Exercise in exact copying: restate word for word only the lines below from the one containing "mizuiro ind ワッシャープリーツティアードスカート" through the one containing "CHARM DONNA TJ", omitting any pictures.
Task inputs below:
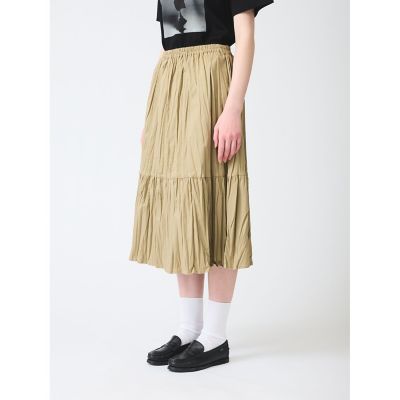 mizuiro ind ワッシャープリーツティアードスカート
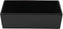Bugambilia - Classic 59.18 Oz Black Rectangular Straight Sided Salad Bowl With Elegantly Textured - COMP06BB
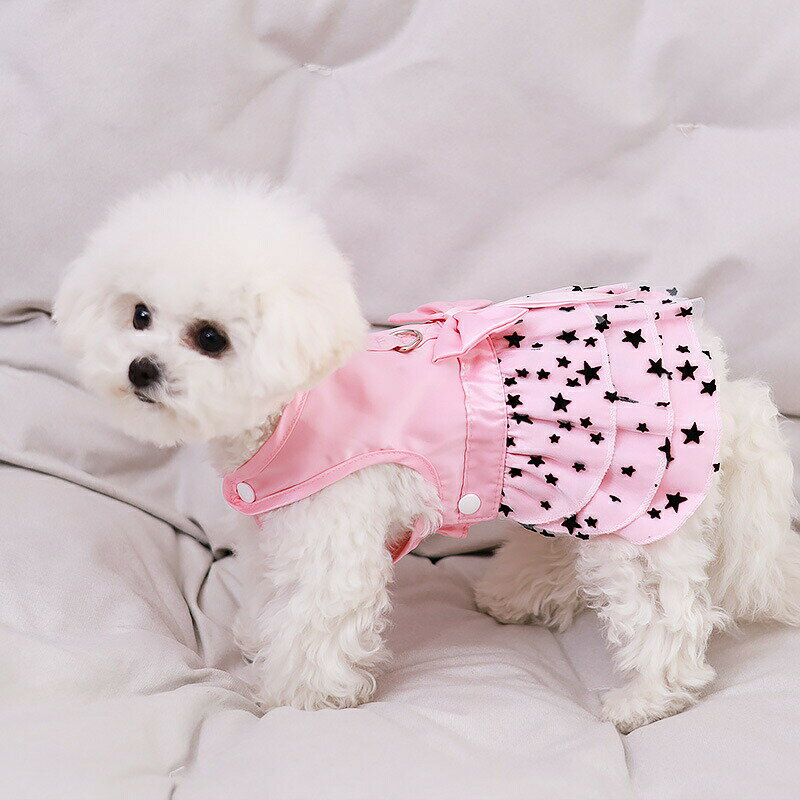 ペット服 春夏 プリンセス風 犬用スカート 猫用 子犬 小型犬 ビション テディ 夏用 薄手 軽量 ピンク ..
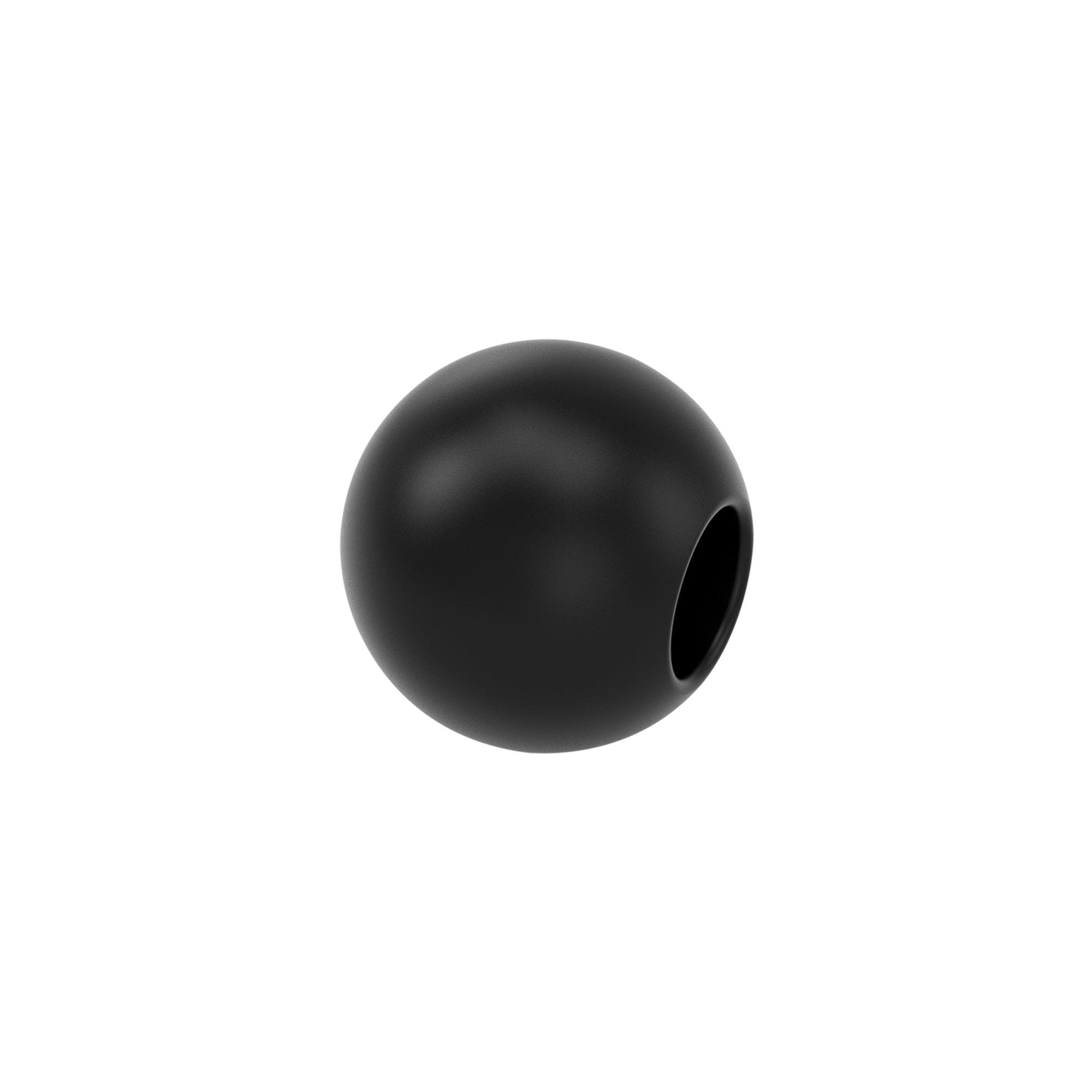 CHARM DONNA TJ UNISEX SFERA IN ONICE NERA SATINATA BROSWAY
End of Task inputs.
Task inputs below:
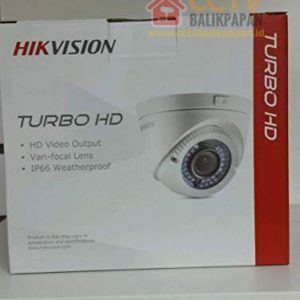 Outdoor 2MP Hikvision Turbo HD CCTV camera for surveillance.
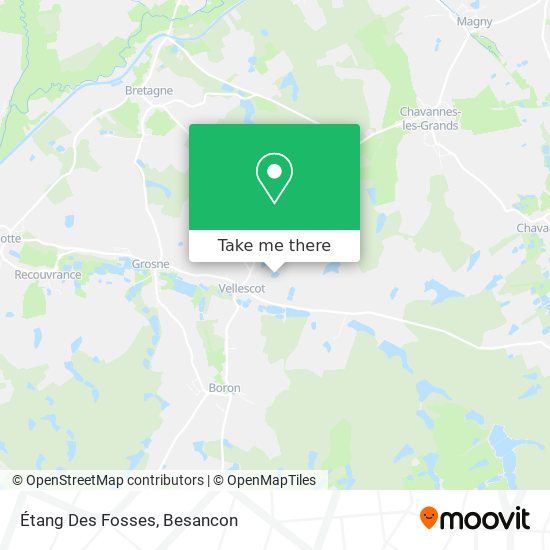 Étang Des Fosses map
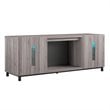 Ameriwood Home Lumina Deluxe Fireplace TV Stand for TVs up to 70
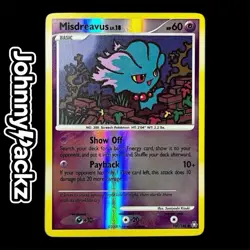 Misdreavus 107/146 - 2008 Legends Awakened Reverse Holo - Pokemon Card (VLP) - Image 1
End of Task inputs.
Task inputs below:
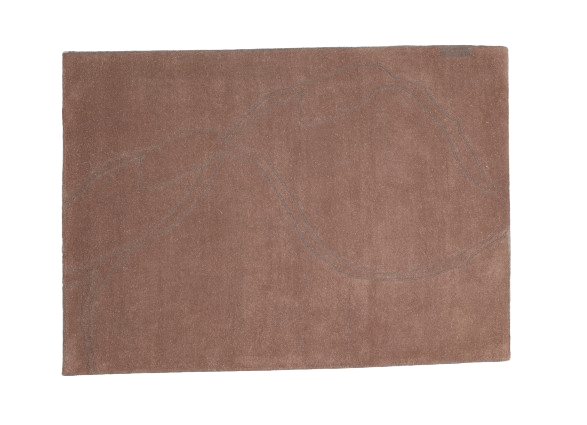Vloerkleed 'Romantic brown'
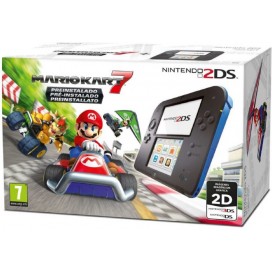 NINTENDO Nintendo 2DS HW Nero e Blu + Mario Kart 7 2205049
End of Task inputs.
§ Finished task:
 mizuiro ind ワッシャープリーツティアードスカート
Bugambilia - Classic 59.18 Oz Black Rectangular Straight Sided Salad Bowl With Elegantly Textured - COMP06BB
 ペット服 春夏 プリンセス風 犬用スカート 猫用 子犬 小型犬 ビション テディ 夏用 薄手 軽量 ピンク ..
 CHARM DONNA TJ UNISEX SFERA IN ONICE NERA SATINATA BROSWAY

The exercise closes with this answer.